Like all hostage situations, there are two questions. First: if we settle and pay up, how do we know that the kidnapper was ever prepared to kill the hostage? And second: if we pay now, how do we know that the kidnapper won't strike again? After all, the kidnapper has just been rewarded for bad behaviour.
In the NAMA case, the equivalent of this conundrum is that we must assess whether or not letting the banks go -- and in the process saving us from handing over to them what could be up to €40bn -- is a risk. If you believe that letting the banks go in an orderly fashion would not kill the economy, then there is absolutely no reason to pay a cent to NAMA.
International evidence here is interesting. There is no evidence from the world of finance and banking which says that a winding up of the banking system in a country and replacing it with a new banking system has any lasting effect on the economic performance of the country. In the US this year alone 300 banks and finance houses have gone to the wall and, according to the latest data, the US economy is tentatively recovering. Sweden wound up its worst banks without adverse effect. In France, banks are rarely called banks due to the frequency of bank collapses in the past and France is not a basket case -- it recovered and constructed new banks.
Banks are like any other business: new ones replace old ones, and if we install a national deposit guarantee rather than a blanket guarantee, which can be allowed to lapse, we can prevent chaos.
The second question is: if we pay now and reward the kidnappers for bad behaviour, will they not just conclude that there is a blank cheque which will be signed to bail out every problem, thus encouraging them to repeat this bad behaviour again? So, instead of changing behaviour and saving the system, we risk encouraging bad behaviour.

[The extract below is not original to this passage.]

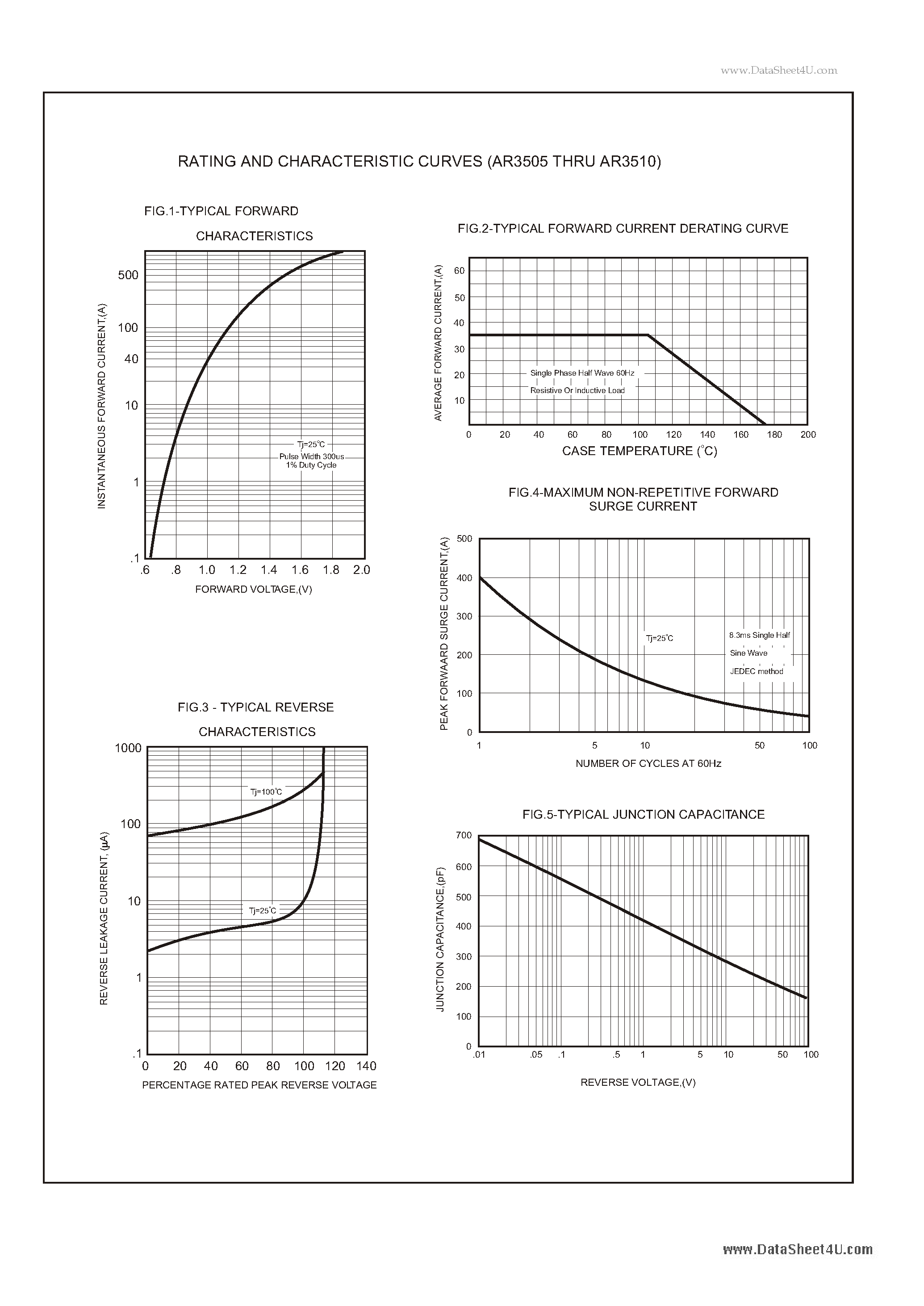 Datasheet AR3505 page 2 Datasheet AR3505 - 35.0 AMP SILICON RECTIFIERS page 2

There is also the problem of image. If we are seen as the sort of place that pays kidnappers, what is to stop them kidnapping again for an even bigger ransom? What is to stop bankers rolling up their other bad debts and dropping them into a NAMA mkII?
It is easy to imagine a constitutional challenge to NAMA by an average citizen who is about to be evicted.
This citizen might argue why his debts are being foreclosed on when the much greater debts of huge developers are being given a 10-year timeframe to be sorted out? Such a constitutional challenge could see the entire structure collapsing. On balance it would seem more logical to negotiate with the kidnappers rather than succumb to all their demands. This would mean suggesting that we might not extend the guarantee. This would send equity in the banks plummeting and would upset and unnerve the kidnappers. We might also suggest that we don't think the hostage is worth the price. Sure, this might cause the share prices to drop back to cents but this is what we should want as it is the people who are going to foot the bill.
The share price is an indication of the confidence of the kidnappers. At the moment it is rising because they think they are going to get top dollar for their hostage and, in the process, they are going to escape jail. It is time now to recalibrate the balance of fear so that the kidnappers have to think twice about their next move.
This could be done by the Green Party pulling out of government, leading to a general election which will allow alternatives to blatant hostage-taking to be put back on Ireland's agenda.